I think the reaction to the prorogation showed that there is an appetite for considering these issues and I think that is great. I love the grassroots nature of it. It gave it more legitimacy I think. So that is number one.
Number two, of course, you have the traditional governing parties that have alternated in and out, have had access to the support of the dominant forces in society. In particular, the largest, most powerful corporate entities, the banks and the oil companies, who seem to be the one constant when it comes to those who benefit by government policies. As the government alternates back and forth between red and blue they are tied to this notion that tax cuts and a shrinking capacity to do things together through our collective enterprises and public services is fundamental.
Finally, you've got, in our case, you've got a party that has been rebuilding since the populist impulse was split up in the early 90s with the creation of the Bloc Quebecois, on the one hand, and the Reform Party, on the other hand. So suddenly you had three parties with a populist edge, so putting our party back into play and strengthening it and having it develop and mature in some important ways has been a project that I think I was given by the membership to do, and we've had three elections in seven years to work at that and we're making some progress.
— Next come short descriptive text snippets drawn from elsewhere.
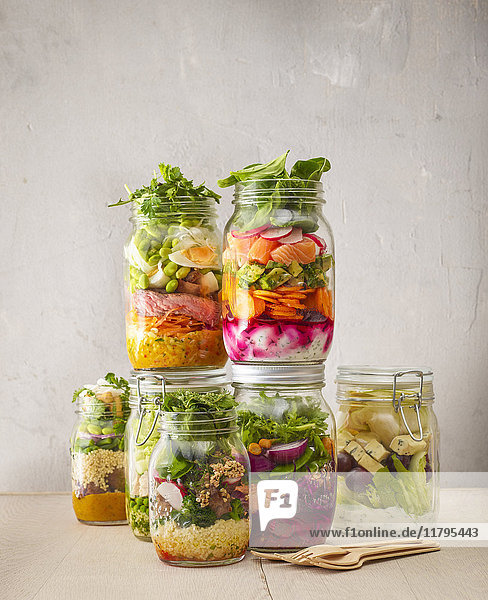 Einmachgläser mit verschiedenen Salaten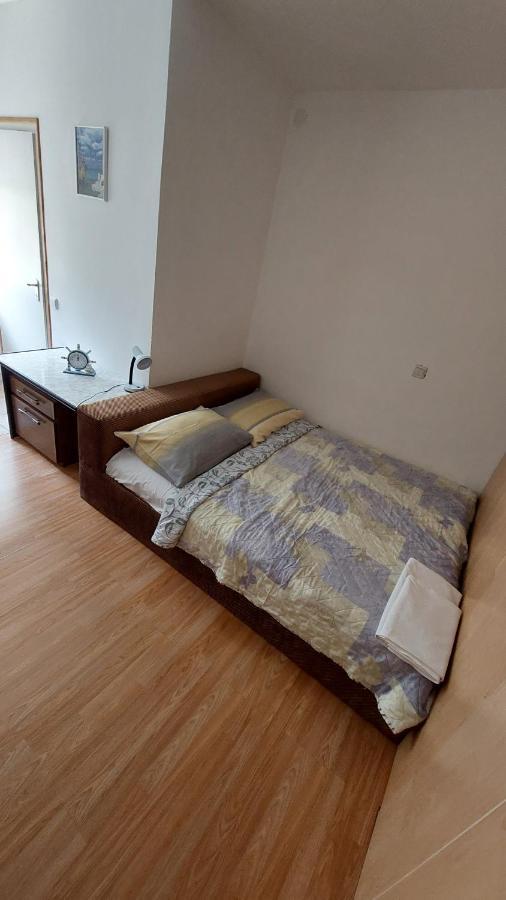 Apartments Luna Stan Trigraci ภายนอก รูปภาพ
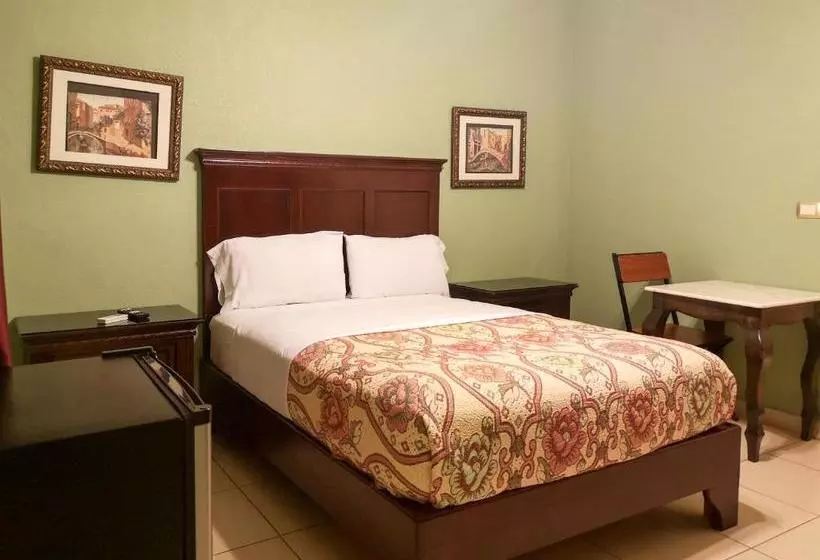 Hotelli Villa Escondida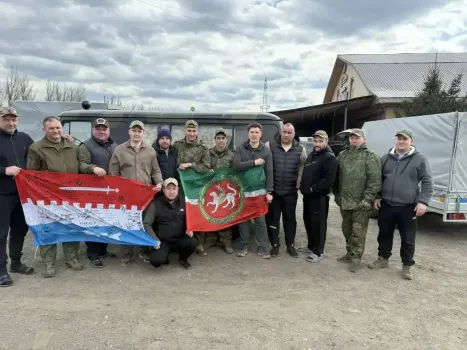 Делегация Новошешминского района доставила УАЗ, инструменты и детские письма бойцам СВО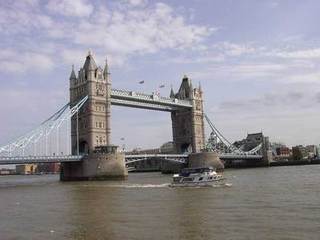 伦敦塔桥（Tower Bridge）是位于英国伦敦一座横跨泰晤士河铁桥，因位于伦敦塔附近而得名。伦敦塔桥有时被误称为伦敦桥（London Bridge），其实真正的伦敦桥是另一座完全不同的桥梁，位于伦敦塔桥的上游。伦敦塔桥附近著名的旅游点有伦敦塔、圣卡瑟琳码头和Shad Thames街。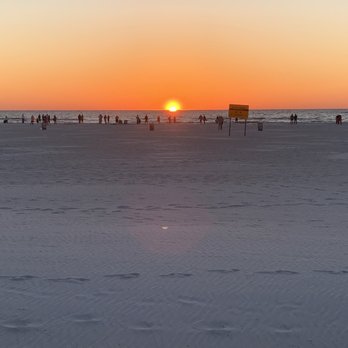 Crabby's Beachside Pavilion - View from the patio - Seafood Near Me - Clearwater Beach, Florida Crabby's Beachside Pavilion - View from the patio - Seafood Near Me - Clearwater Beach, Florida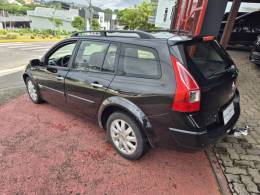 RENAULT - MÉGANE - 2010/2011 - Preta - R$ 30.000,00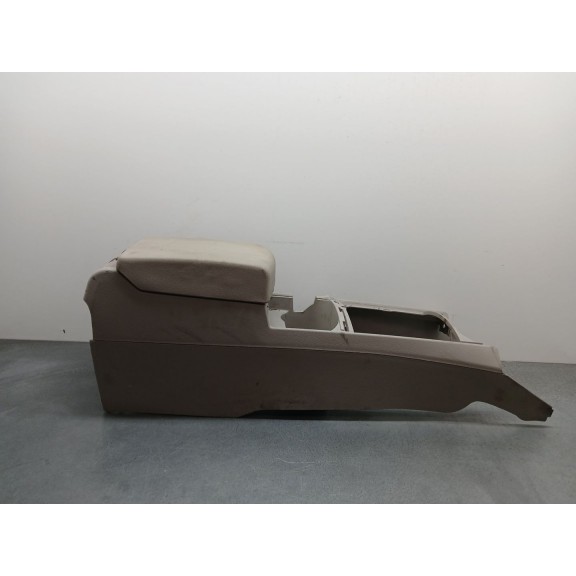 Recambio de apoyabrazos central para jeep commander 3.0 crd cat referencia OEM IAM vt5901rev  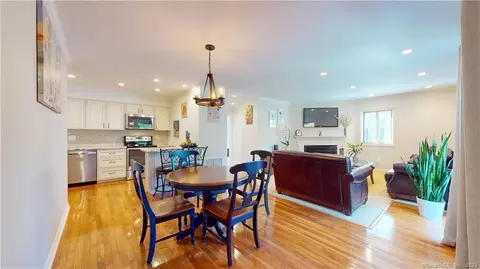 20 Maple Tree Ave #C, Stamford, CT 06906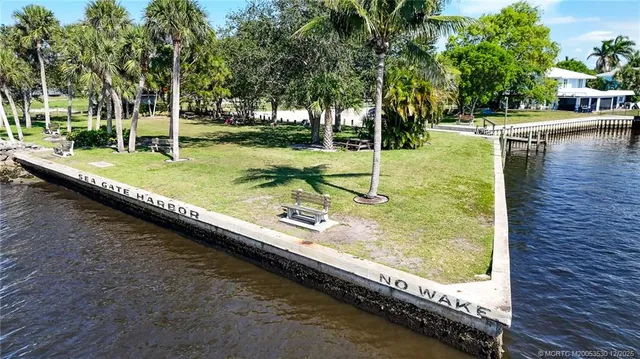 $198,500 | 532 Southwest Marion Court, Palm City, FL 34990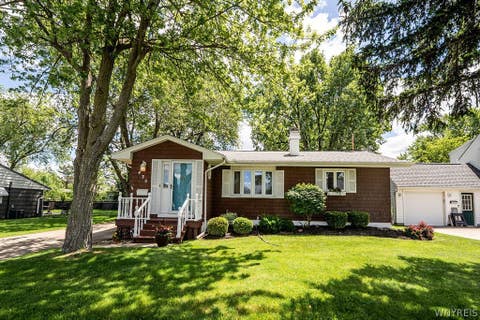 Homes For Sale - 435 Fries Road<br/> Tonawanda, NY 14150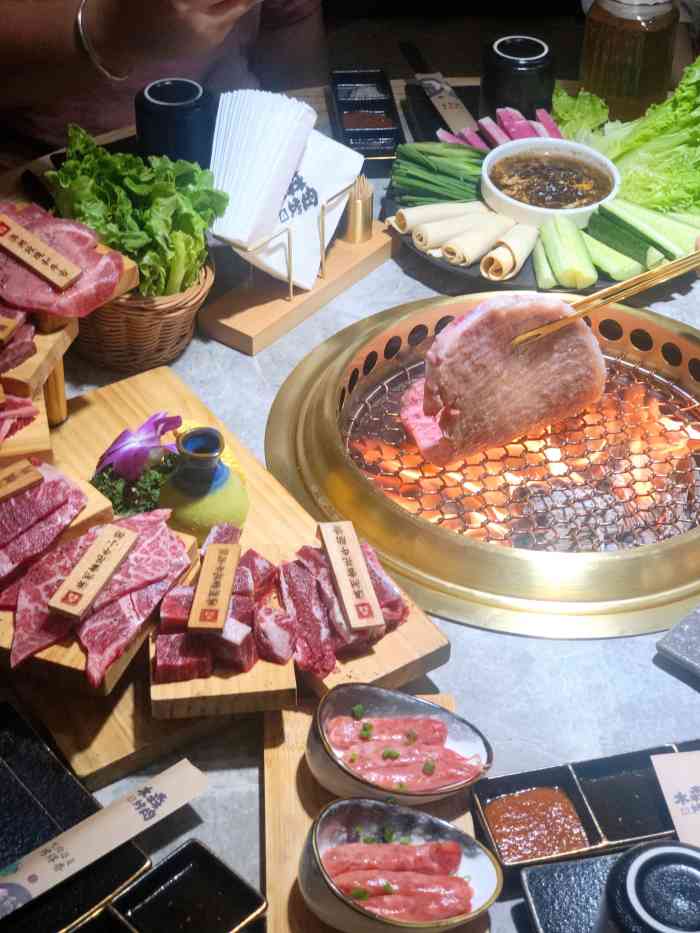 木森烤肉(凤凰湖店)-"烤肉配烧酒,烦恼全没有如此题,果然是喝.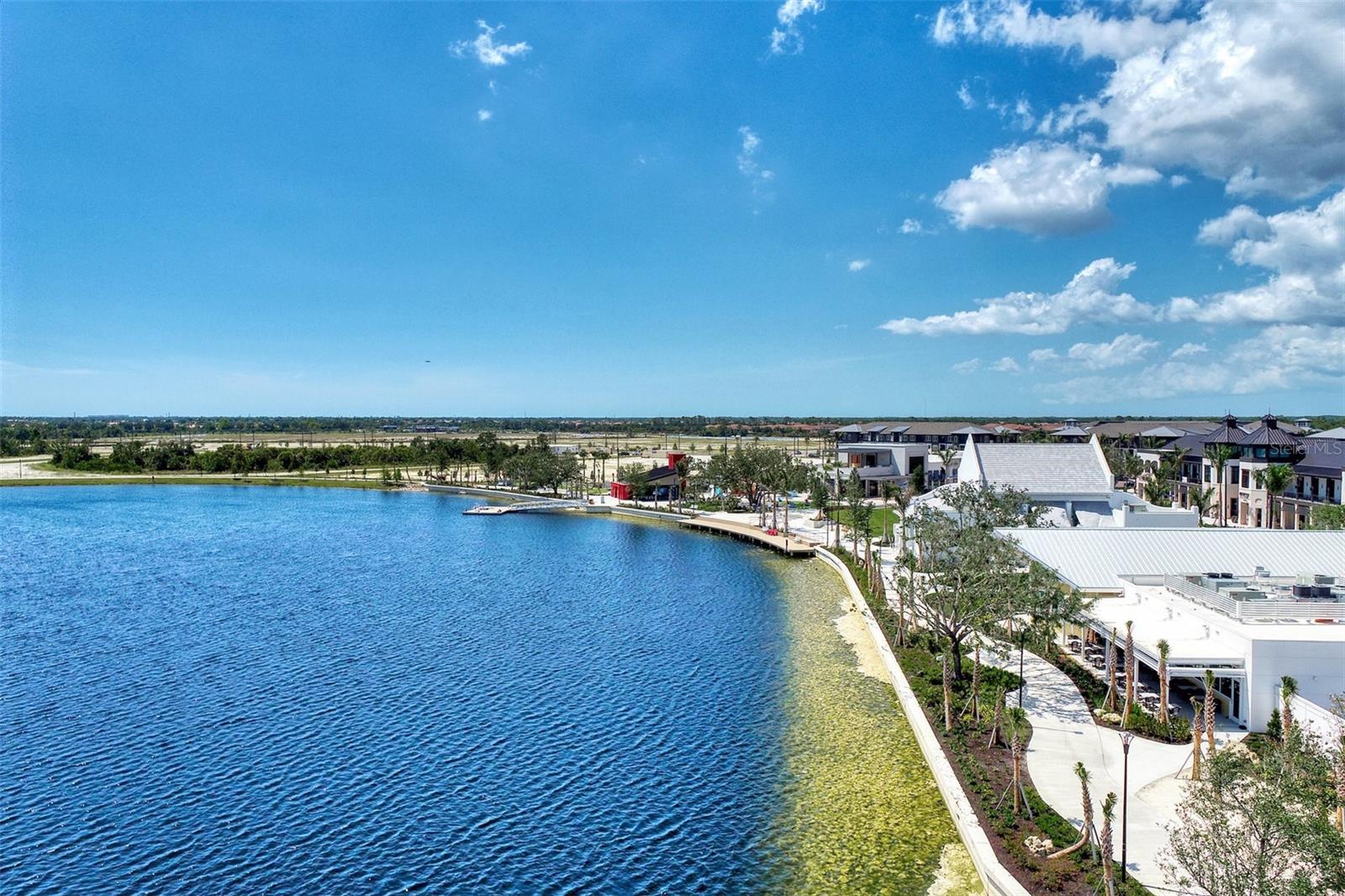 WELLEN PARK GOLF & COUNTRY CLUB - Residential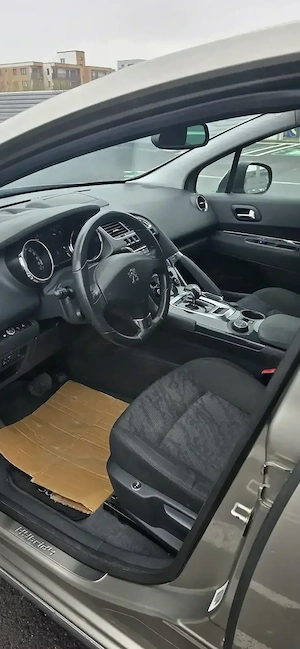 Peugeot 3008 diesel hibrid 4x4 - imagine 6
Q - This is one of the things I've written about, and I guess it is a criticism of the NDP, but I see as preoccupation with political tactics which comes at the expense of longer term strategy and political vision. How do you respond to that criticism?
I don't think it's correct. I don't accept the argument. In fact, what we've been working hard to do is to weave together the progressive elements and components of our country into a strong political force and that requires some pretty long-term thinking and I think that we have been engaged very much in implementing that.
Just to give one example that's extremely important -- because it's been the blockage to our growth for the first 45 years of our party's history -- which was figuring out how to translate our founding principle. Which was that the people of Quebec constituted a nation within Canada. That was a part of our founding positions in 1961, weaving into real policy.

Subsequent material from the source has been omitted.